Former Trust Company Officials Arrested In Late Trading Fraud

New York Attorney General Spitzer today announced felony charges against three senior executives of Security Trust Co. N.A., a Phoenix, Arizona-based company that processes mutual fund trade orders for pension plans and retirement systems.

The officials, including the former chief executive officer the company, are accused of assisting the illegal late trading of mutual funds. The defendants' actions resulted in larceny of more than $1 million.

In related actions, the Securities and Exchange Commission filed civil charges against the executives and the firm, and the U.S. Treasury Department's Office of the Comptroller of Currency announced an enforcement action that will result in the dissolution of the firm.

"Pervasive misconduct must be met with appropriate sanctions," Spitzer said. "In this case, a coordinated response by regulators will ensure that high-ranking officials of the company and the corporate entity itself will be held accountable for schemes that defrauded investors."

Spitzer's criminal case against the three executives and related civil actions by federal regulators are the latest developments in a widening investigation of illegal trading practices in the mutual fund industry. The case marks the first time regulators have addressed illegal conduct by third parties or intermediaries in mutual fund trading. Previous cases have been against either hedge funds or mutual funds.

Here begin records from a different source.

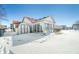 Rear exterior of house with sunroom addition, shed and snowy yard at 5316 Twin Bridge Blvd, Indianapolis, IN 46239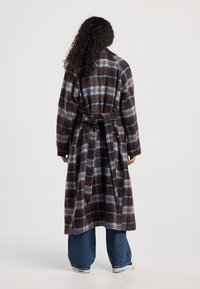 Long plaid coat in brown, blue, and white, made of a soft material, featuring a tie waist and relaxed fit. Visible oversized pockets.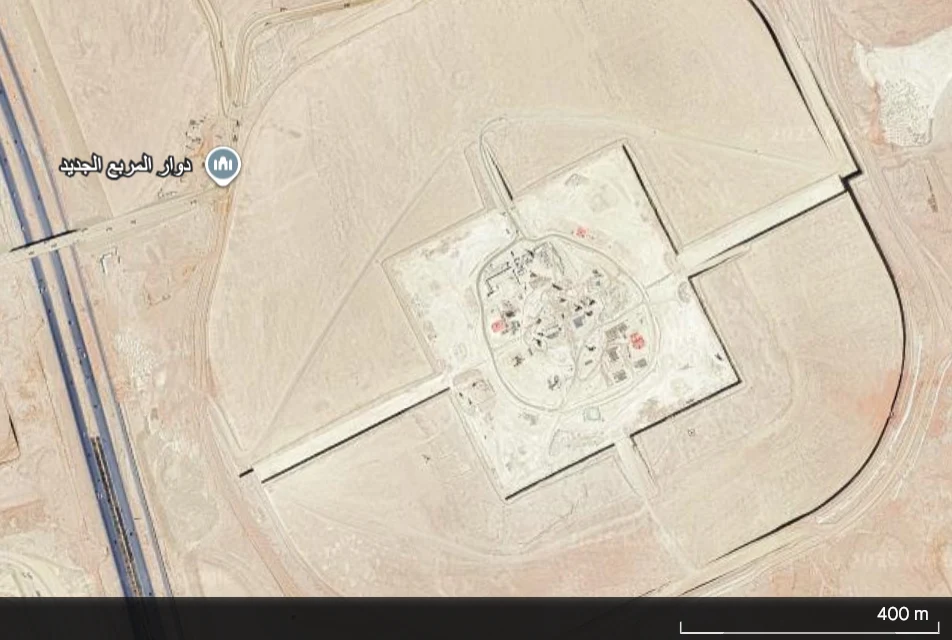 Widok satelitarny dużego, kwadratowego kompleksu otoczonego pustynią. Wewnątrz kompleksu widoczne są różne struktury i budynki, wyraźnie oddzielone od otaczającego obszaru wysokimi murami lub barierami. W pobliżu znajduje się lokalizacja oznaczona napi...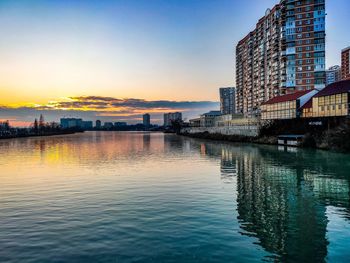 Scenic view of river by buildings against sky at sunset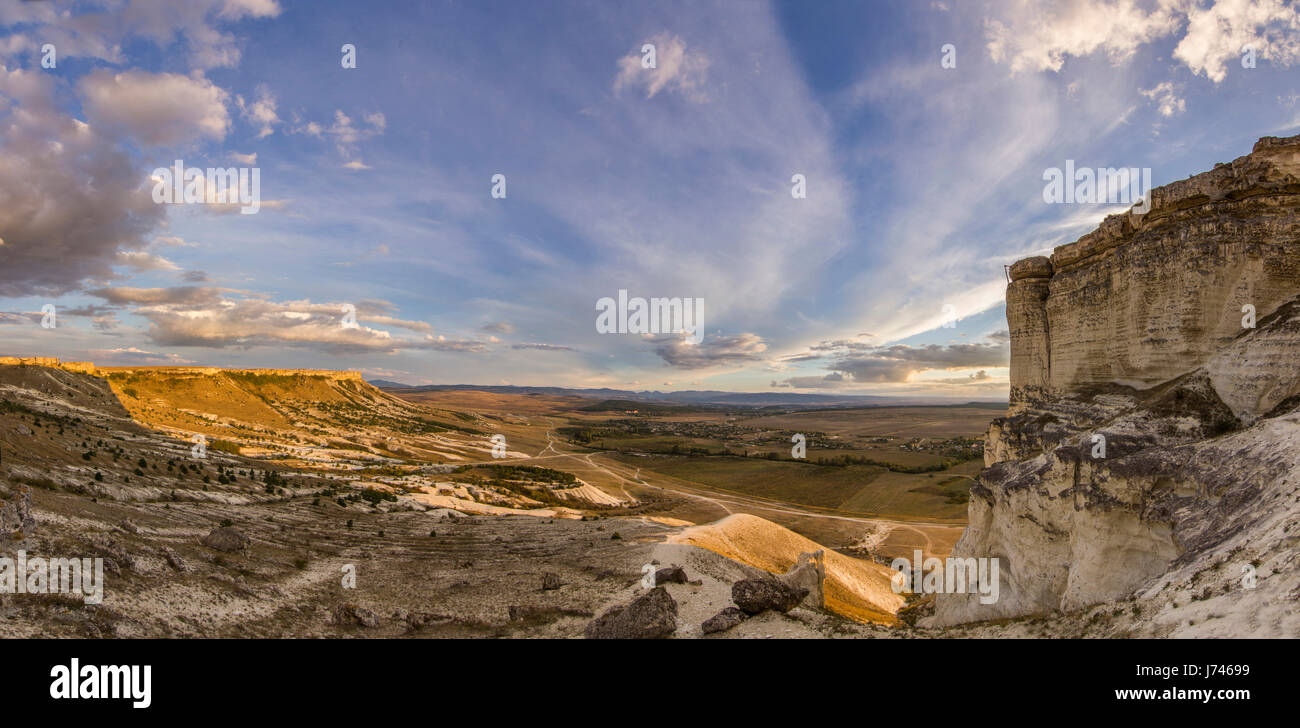 Tramonto vicino White rock con sole e nuvole su sky Foto Stock
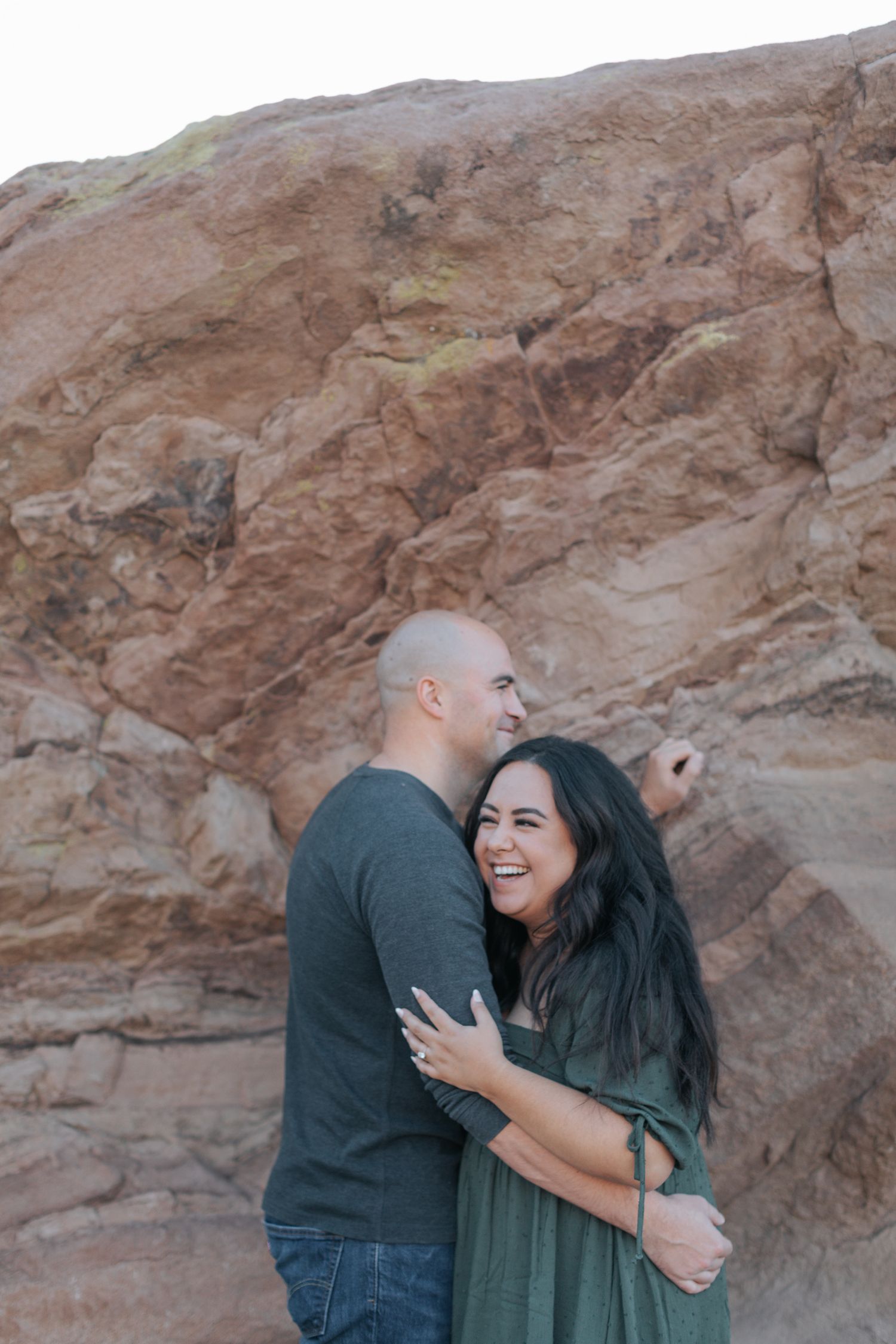 A couple shares joyful laughter while posing against red rock formations.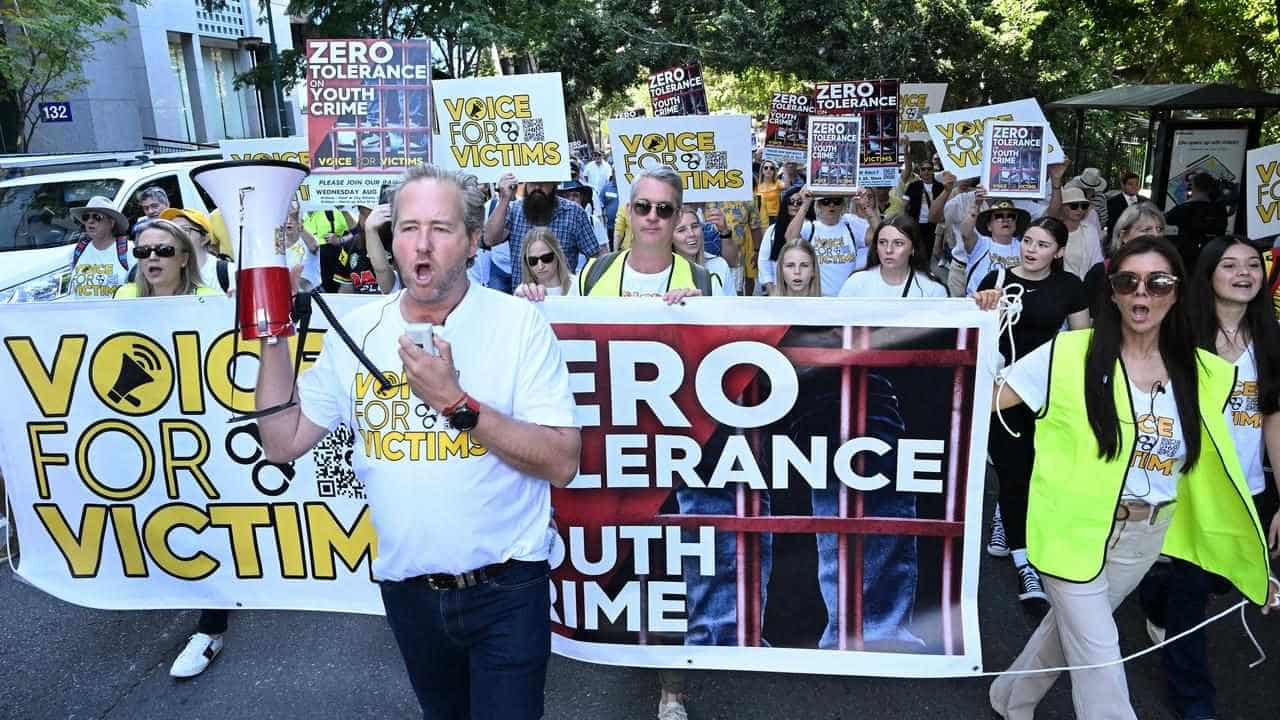 Frustrated youth crime victims march on Qld parliament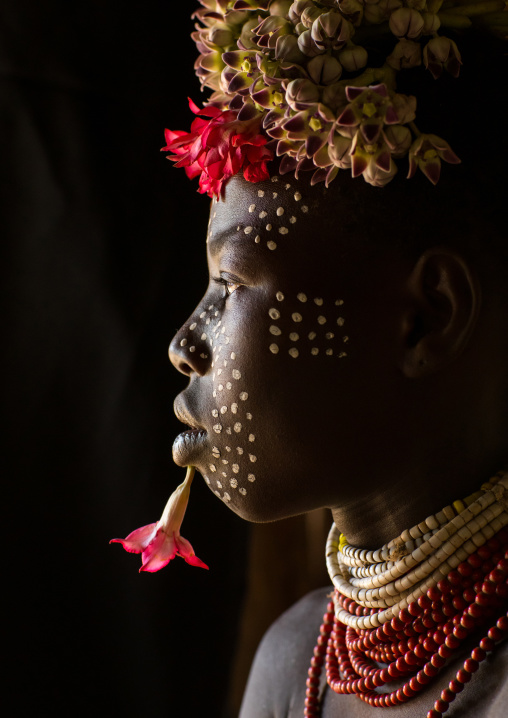 Karo tribe child with flowers decorations, Omo valley, Korcho, Ethiopia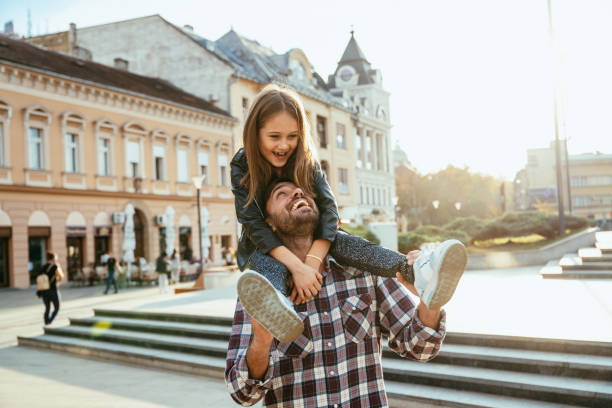 Father carrying his daughter on shoulders, both smiling joyfully in bright urban setting during golden hour, while enjoying travel and city break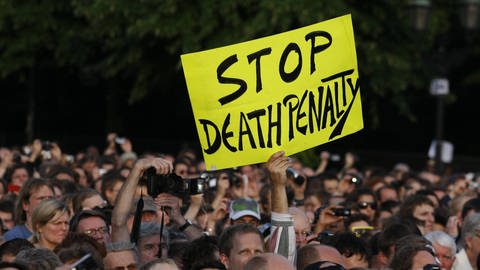 Während einer Rede von Barack Obama in Berlin hält ein Zuhörer ein Plakat hoch und fordert ein Ende der Todesstrafe in den USA (Foto: IMAGO, Metodi Popow)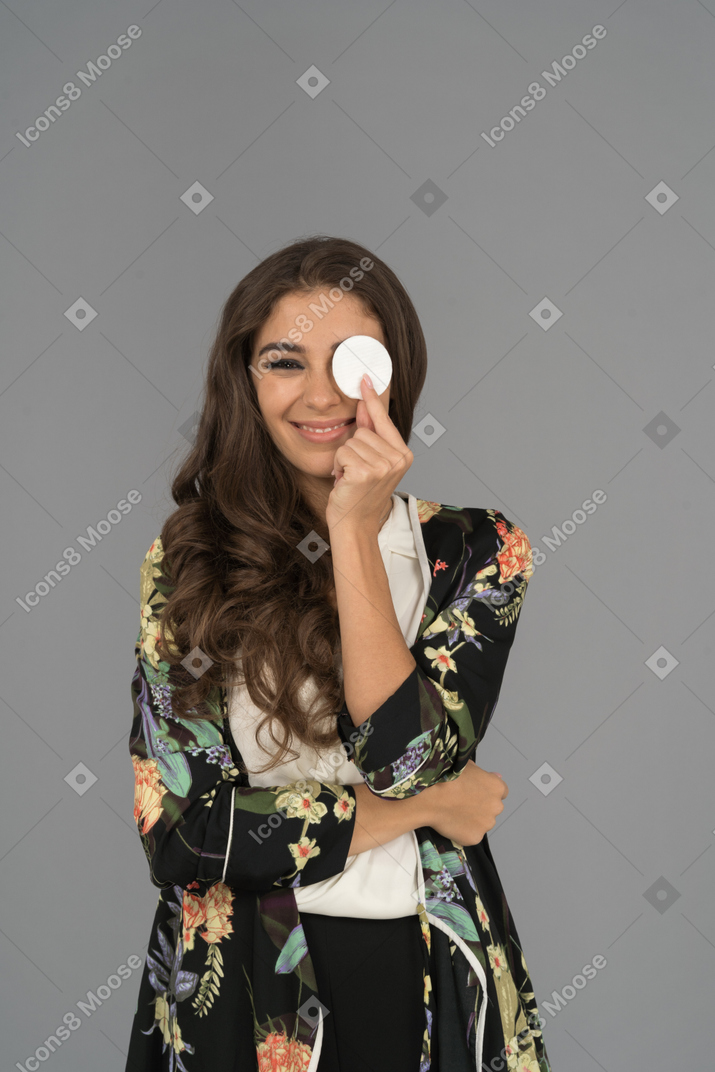 Smiling beautiful lady holding cotton pad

Spitzer's complaint charges that the defendants were middlemen in an illegal late trading scheme involving certain hedge funds.

The defendants processed the late trades by the hedge funds as if they were timely trades. They did this by "disguising" the illegal trades as orders from one of their many client pension plans. This deceived the mutual funds into making the trades.

Late trading is prohibited by New York law and SEC regulations because it allows a favored investor to take advantage of post-market-closing events not reflected in the share price set at the close of the market.

Spitzer's criminal complaint charges former Chief Executive Officer Grant D. Seeger, former President William A. Kenyon and former Senior Vice President of Corporate Services Nicole McDermott, with grand larceny, falsifying business records and securities fraud under the state's Martin Act. Each count is a felony charge.

The specific criminal charges against Seeger, Kenyon and McDermott are as follows: Grand Larceny in the First Degree, in violation of Penal Law §155.42, a Class B Felony (Six Counts); a Violation of the General Business Law § 352-c (5), a Class E Felony; a Violation of General Business Law § 352-c (6), a Class E Felony (Four Counts); Scheme to Defraud in the First Degree, in violation of Penal Law § 190.65(1)(A), a Class E Felony; and Falsifying Business Records in the First Degree, in violation of Penal Law § 175.10, a Class E Felony (two counts).

The maximum permissible sentence upon a conviction for each of the most serious charges, six counts of Grand Larceny in the First Degree, is 8 1/3 to 25 years imprisonment.

The criminal charges, filed today in Manhattan, are merely accusations, and the defendants are presumed innocent until and unless proven guilty.

Security Trust Co. administers $13 billion in assets for 2,300 different pension plans and retirement systems.

The criminal case is being prosecuted by Assistant Attorneys General Ricardo Velez and Harold Wilson under the direction of Criminal Prosecutions Bureau Chief Janet Cohn. Investigator Herbert Antomez also worked on the case.

Spitzer thanked the OCC, SEC and U.S. Labor Department for their assistance on the case. He commended the OCC, the primary regulator of banks and trust companies, for moving quickly to close down the company while at the same time safeguarding the interests of pensioners and other institutional clients.